Phase II Study of Up-front Chemotherapy and Neo-adjuvant Short-course Radiotherapy for Resectable Rectal Carcinoma (COLORE)

Title: Phase II study of up-front chemotherapy and neo-adjuvant shortcourse radiotherapy for resectable rectal carcinoma.

Short Title/Acronym: COLORE

Protocol Code: IRST154.01

Phase: 2

Study Design: Phase II, open-label, single-arm, multi-centre study.

STUDY PRODUCT,DOSE,ROUTE,REGIMEN AND DURATION OF ADMINISTRATION:

1. Neoadjuvant Treatment (pre-operative chemo-radiotherapy regimen):

   FOLFOX4* 2 cycles (WK1+WK3) - Tomotherapy** (WK5) - FOLFOX4* 2 cycles (WK7+WK9)

   * Oxaliplatin 85 mg/m2 iv: day 1 Levofolinate 100 mg/m2 iv: day 1-2 5-fluorouracil 400 mg/m2 iv in bolus and 600 mg/m2 iv infusion over 22h: day 1-2 Every cycle will last 2 weeks (approximately 48 hours of treatment infusion and 12 days of rest).

   ** 25 Gy in 5 consecutive fractions, one fraction per day in 5 days on CTV (Clinical Target Volume) at the isodose of the 95% of the total dose. The treatment plan will be elaborated at the work-station dedicated to the Helicoidal Tomotherapy. The treatment could be planned also with linear accelerator with IGRT-IMRT technique or VMAT technique.

2. Restaging (week 11)

3. Surgery (week 12-16) with Total Mesorectal Excision (TME)

4. End Of Treatment (week 16-32)

5. Adjuvant therapy (The maximum interval between surgery and start of adjuvant therapy should be 8 weeks):

6. FOLFOX4* 8 cycles (every 2 weeks)

Study Duration: about 5 years.

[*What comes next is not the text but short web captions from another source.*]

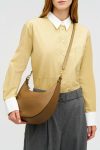 Florence Medium Hobo Shoulder Oroton Dark Taupe Womne - Image 4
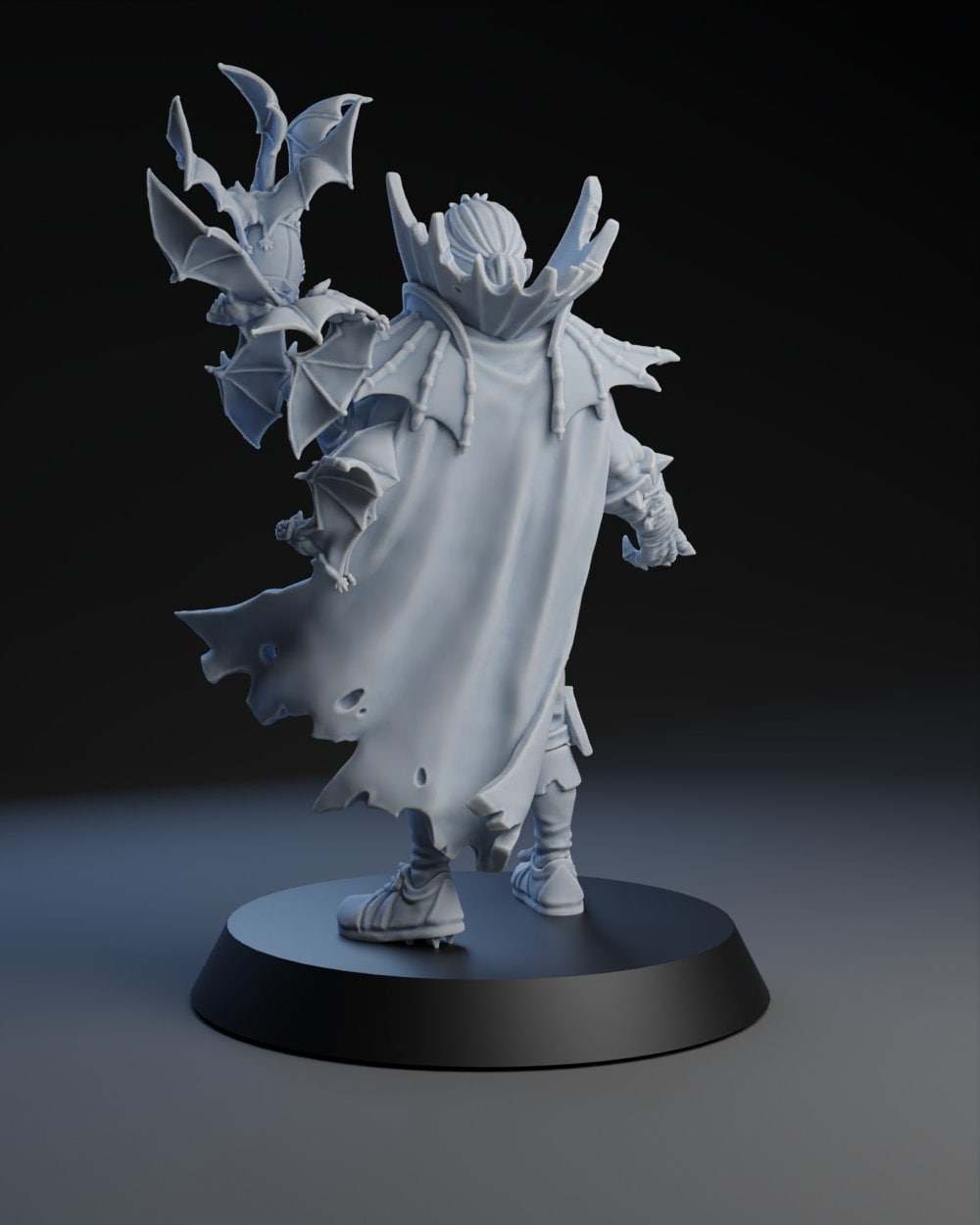 Vampire Count | Vampire Star Player | Vampire Team | Fantasy Football | BruteFun Minatures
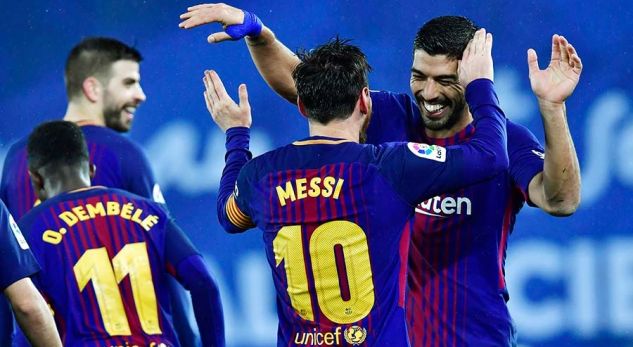 19 pikë para Realit në La Liga, Barcelona ka një urim special për fansat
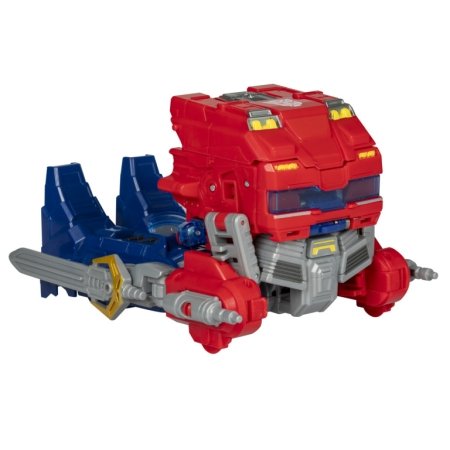 TRANSFORMERS MV8  figūra Power Flip Admiral, F9209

Enrollment period: 36 months. Treatment period: about 8 months. Follow-up: 1 year.

OBJECTIVES

Primary objectives:

Step A: to evaluate the feasibility and safety of the chemoradiotherapy regimen.

Step B: to evaluate the proportion of patients with pathological complete remission after combined radio-chemotherapy.

Secondary objectives (of Step B):

• To evaluate the safety of the neo-adjuvant treatment
• To determine pathological down-staging
• To evaluate the rate of R0 resection
• To evaluate the sphincter saving resection rate
• To evaluate median disease free survival and overall survival
• To evaluate the correlation between biomarker, pathological response and outcome (auxiliary\subsidiary Biological Study)

NUMBER OF SUBJECT:

· Step A: a maximum of 6 patients. 6 evaluable patients are needed to assess toxicity. If 1 toxicity resulting in discontinuation of treatment will be observed in 6 patients, the treatment can be considered safe (with a confidence > 90%).

If 2 or more toxicity resulting in discontinuation of treatment on 6 patients, the study will be stopped because not safe and another type of radiotherapy schedule must be designed.

· Step B: a total of 50 patients is required to be recruited in 2 years (including patients enrolled in Step A).

The goal is to achieve a proportion of at least 15% of patients with a complete pathological response with the new radiochemotherapeutic treatment.

STATISTICAL METHODOLOGY:

The primary analysis will be performed on the ITT (Intention-To-Treat) population, while the secondary analysis will be conducted on the PP (Per Protocol) population.

The number and percentage of treated patients undergoing grade 1 to 4 adverse events (CTC-AE, version 4.0) will be tabulated in the ITT and PP population. No statistical inference will be performed.

Step A: Patients, tumor characteristics and toxicity events observed will be described.

Step B: The proportion of patients with pathological Complete Response will be calculated. Safety profile will be analyzed. OS (Overall Survival) and DFS (Disease Free Survival) will be estimated with Kaplan-Meier method (Kaplan El, Meier P., J Am Stat Assoc 1958).

No interim analysis will be performed. The 95% confidence intervals should also be provided.